As I had to write the PRA’s response to the ‘short and focused’ Competition and Markets Authority (CMA) investigation into the retail fuel market, I thought it would be a good time to reveal some facts.

Especially as we have seen some ill-informed articles from the motoring organisations, including one from the AA which concluded: “If forecourts don’t start to lower petrol prices, it will be a disgrace”. So, some facts. There are several key stakeholders in our industry, the oil producing countries, oil traders, oil companies, the government and retailers. If we dig into this, we will see who is ‘profiteering’.

In terms of oil producing countries with high oil prices, they are making a fortune enabling states such as Saudi Arabia to buy up football clubs or sponsor golf tournaments. At the start of 2022, a barrel of Brent crude was trading at US$55 now it’s in the range of US$111 with many commentators forecasting it to go even higher. Oil companies aren’t doing too badly either with the refining ‘crack’, this being the process which ‘cracks’ crude oil into the various refined products starting 2022 at around US$10/barrel while it is now over US$60/barrel. Then we have some of the commodities trading companies reporting record profits as volatility and disruption in commodity markets, exacerbated by the war in Ukraine – supercharged earnings for the worlds’ biggest traders.

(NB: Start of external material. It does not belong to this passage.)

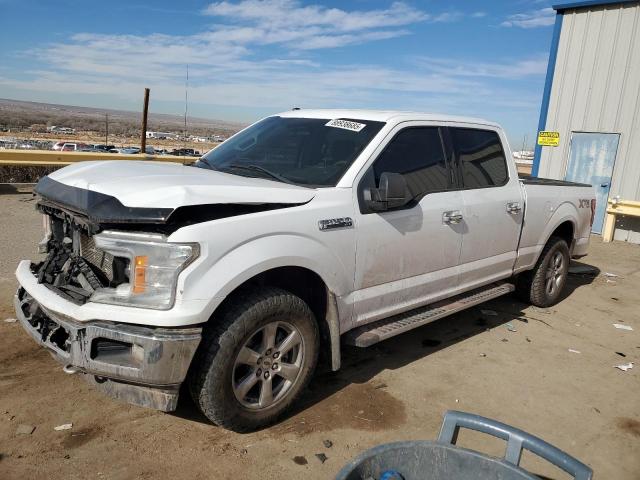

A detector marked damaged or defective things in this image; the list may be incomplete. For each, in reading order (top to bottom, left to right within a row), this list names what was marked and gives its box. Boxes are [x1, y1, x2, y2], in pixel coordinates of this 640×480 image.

crumpled hood [47, 160, 316, 207]
broken headlight assembly [90, 232, 199, 312]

The government is also benefiting even though it made a cut to fuel duty of 5ppl. In January, VAT on both petrol and diesel was around 20ppl, now it’s around 30ppl for petrol and 34ppl for diesel.

If the government really did want to reduce the price at the pumps, there’s an obvious solution. VAT is a percentage of the overall cost. It is also a tax on a tax as it applies to the cost of fuel after duty is included.

Finally, there are the fuel retailers. We know only too well the thin margins that are being made now on fuel and that reduced fuel sales, which are still 10% lower than before the pandemic, impact footfall and shop sales. In addition to this there are the extra costs on staff wages and the price of electricity.

Therefore, given all of the above, it looks like there are other organisations that warrant further investigation by the CMA – not the so-called “profiteering” fuel retailers.